9 - Culture starts small

All of those Dutch Designers, DJ's and decor builders started of somewhere small. With the exception of Michael Jackson, there has been no artist that reached the main stage in one go. Without small podiums, events, galleries, (movie) theaters and the lot, there would be no growth. So, if you don't support these small cultural hubs, the negative consequences will be far larger than you've imagined.

10 - Everything is a story

In Sapiens of writer Harari he shows us that everything can be viewed as a story. We tell each other stories about religion, economy, politics, romance... we use story to convey ideas on how we think we should live, and we show them to others to convince them our view is the right point of view. Writer Kenneth Burke probably summed it up best when he noted that 'stories are equipment for living'.

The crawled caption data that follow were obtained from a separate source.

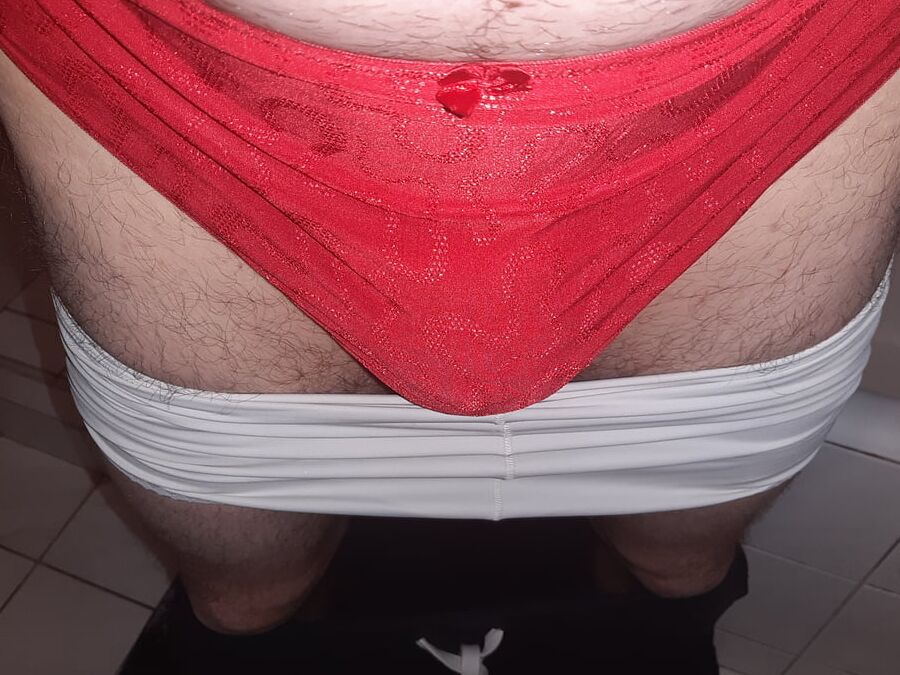 Slip und miederhose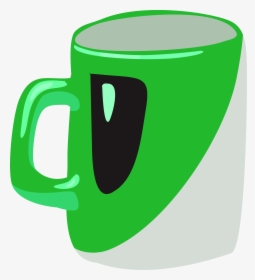 Green Mug Clip Arts, HD Png Download, Free Download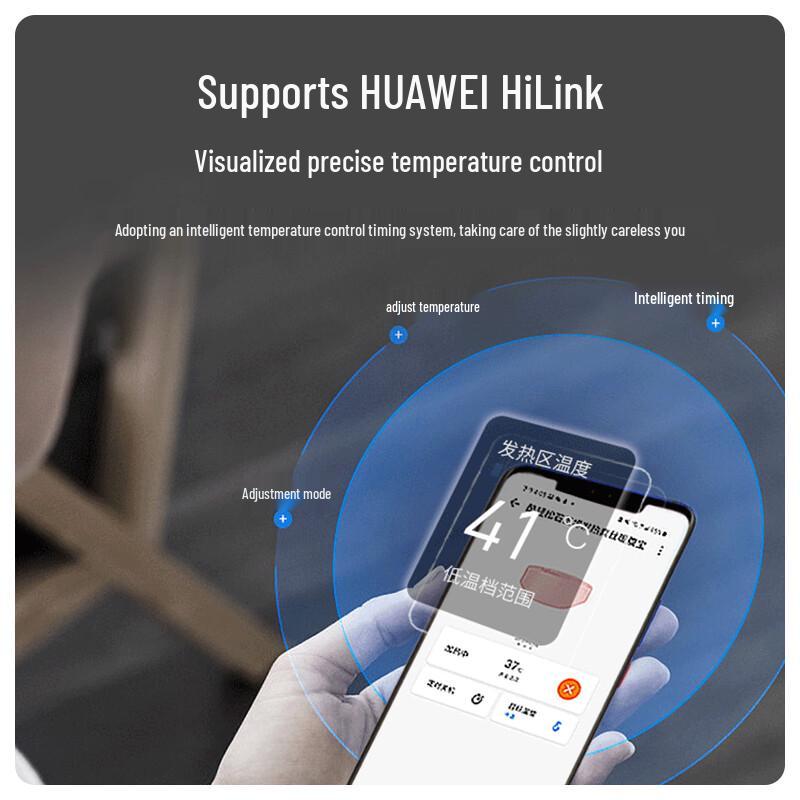 Ku Qingsong Wireless Heated Therapy Belt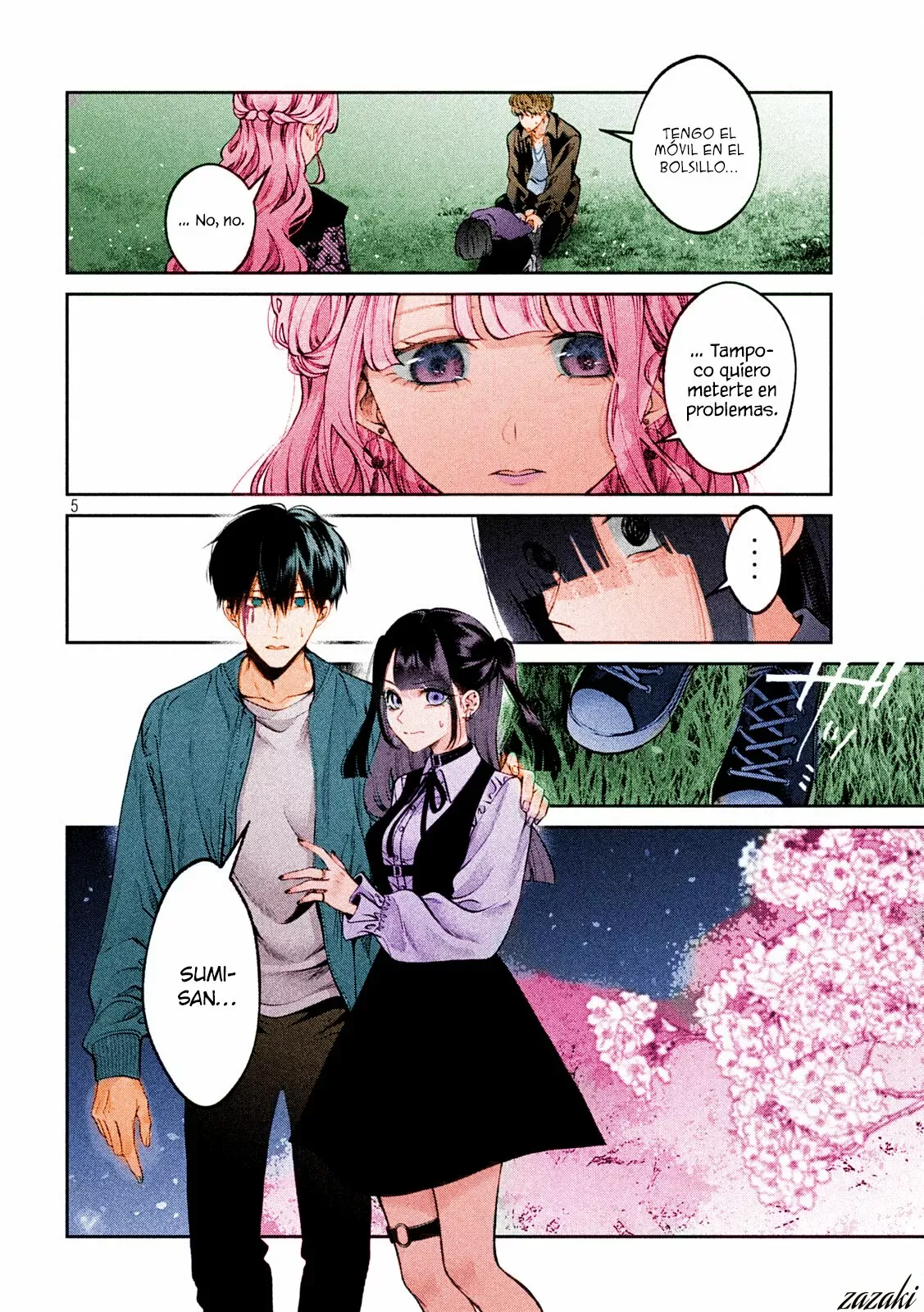 Read Inu to Kuzu ES Manga Online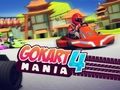 Spel Gå kart mania 4 på nätet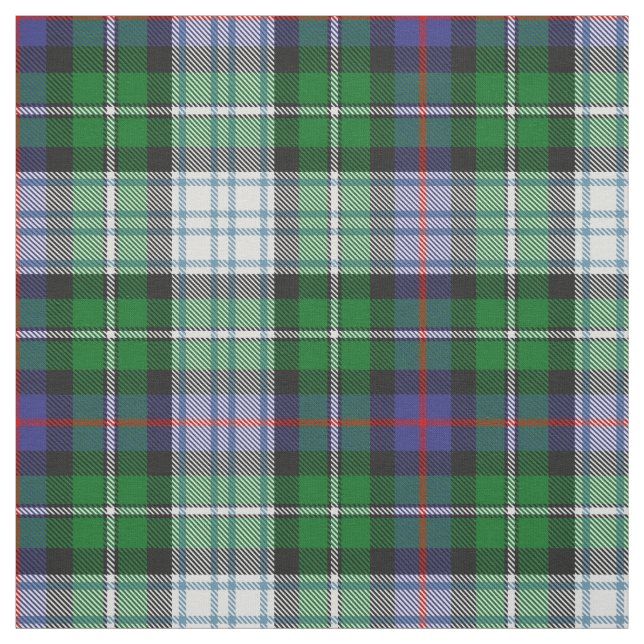 Clan MacKenzie Dress Tartan Fabric (Swatch)
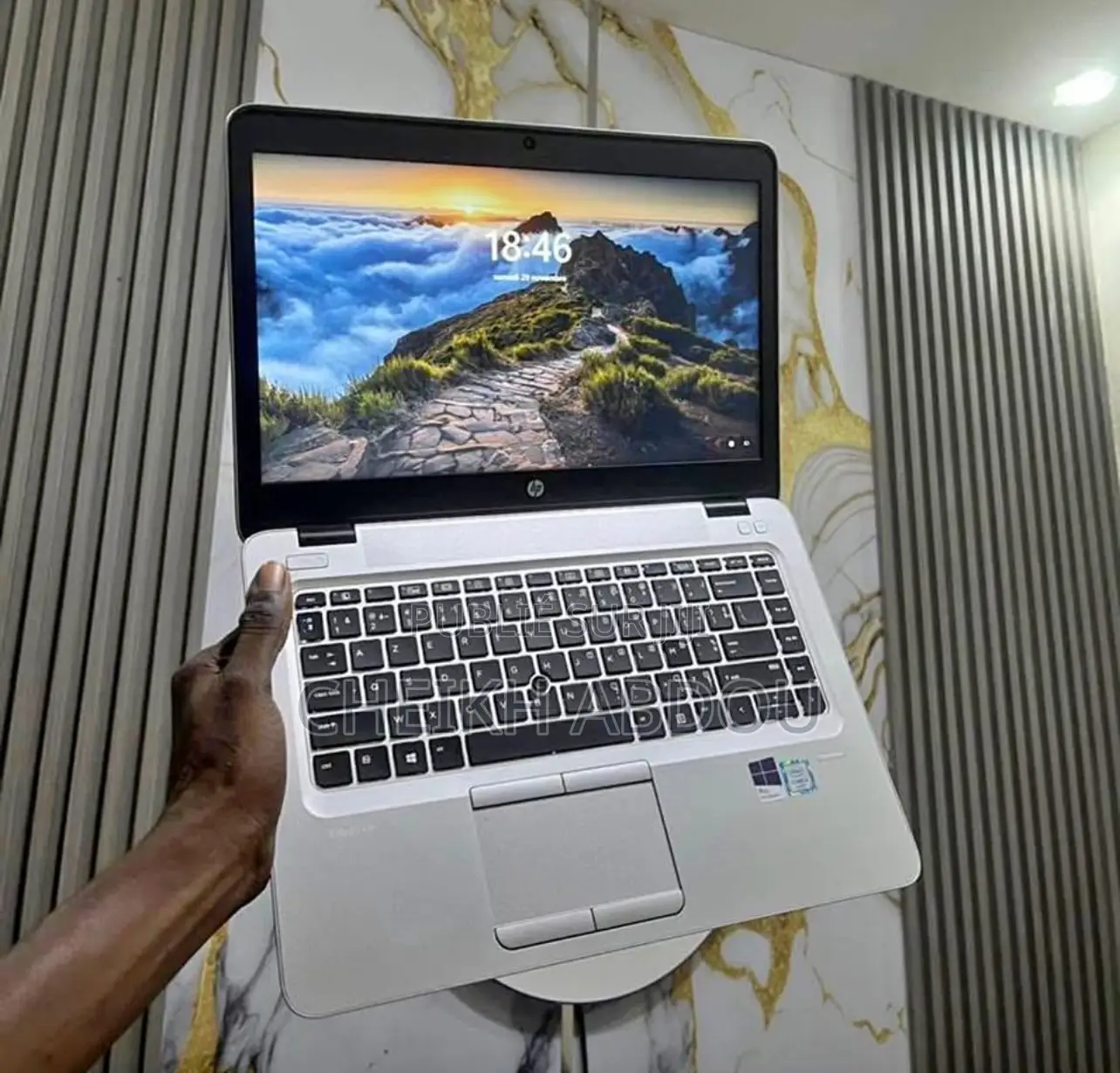 Ordinateur Portable HP EliteBook 840 G3 8GB Intel Core I7 SSD 256GB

The stories we find most inspiring are always about hope, freedom and empathy, such as the real world tales of Nelson Mandela or Mother Theresa, or the fictional tales of Harry Potter or Indiana Jones triumphing over evil. The stories we tell each other in fear are always considered bad stories, with bad endings, such as the historical story of The Second World War. In other words, we tell each other stories to show our mistakes in the past, so we don't make them again. Art stories are therefore the single most important stories we have to prevent heartache, and even war. Or as the saying goes; 'those who do not know their history, are doomed to repeat it.'


11 - The pen is mightier than the sword

And now that we've mentioned The Second World War... Churchill is seen by history as the greatest leader that has ever lived. When his cabinet suggested to scrape the art budget all together to make way for building more tanks, he said this:


“Then what are we fighting for?”


Every self respecting leader of our age knows that Churchill didn't just fight for the lives of the people in the world, he fought to preserve millennia of art and culture that ultimately led to freedom and democracy.


Let's stand by our art and culture sectors

If we need to print extra money to save art, than that's a no-brainer. Because in the end (or should I say beginning?) money was invented by art. It would only be prudent and fair, to give some of it back to those that made it all happen in the first place.

Love, as always.


And plant trees people. Plant trees.